The fragrance is beautifully rendered, a portrait of that hypnotic Sunday ambience, the diffusive slow-cooked fumes that radiate in mind and home. It opens on a dry, dazzling burst of spicy pink pepper and orange that segues into the complex and important heart of the recipe; a crumbled mix of sweet black pepper, nutmeg, elemi, cloves, saffron and cardamom. Despite the obvious spicy overtone to this section, the blending creates a very odd sensation on the nose of dried rubbed oregano, simmering amid the garlic and sweet tomatoes of the ragu sauce. I personally love the heady aromas of dried herbs – mint, dill, oregano, basil, thyme etc – they take on quite a different character to their more blatant fresh incarnations. There is a touch of woody darkness to desiccated herbs that appeals to me and it's this I can smell in the herbaceous aura of Ragù. The base is loaded with cypriol, woods, patchouli and the wonder of Cashmeran, a disturbing softener of edges, bringer of shimmering translucency.

Ragù smells of cuisine and it doesn’t.
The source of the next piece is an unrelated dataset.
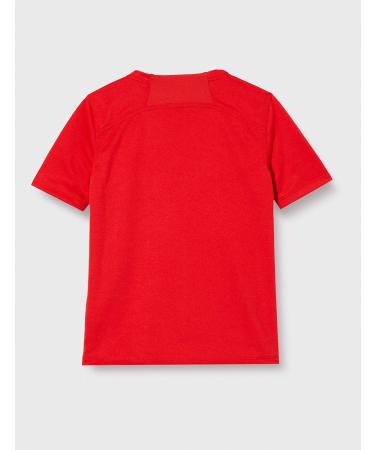 Le Coq Sportif Boys N 1 Rugby Training Maillot Undershirt - 14 Years - Pur Rouge (Red) | International Shipping - Buy Online on SooperMarket.com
It has enough olfactive triggers to provoke our memories to search for reference points. An extraordinary collision of mama, food and odour, exploring the pervasive linger of generational food preparation. The olfactive sleight of hand is admirable; the skin smells just edible enough without the scent becoming a crude parody of itself. There is great delicacy at work here, the notes combined with the finesse and finish of a recipe that has been handed down and made by a hundred hands on a hundred stoves.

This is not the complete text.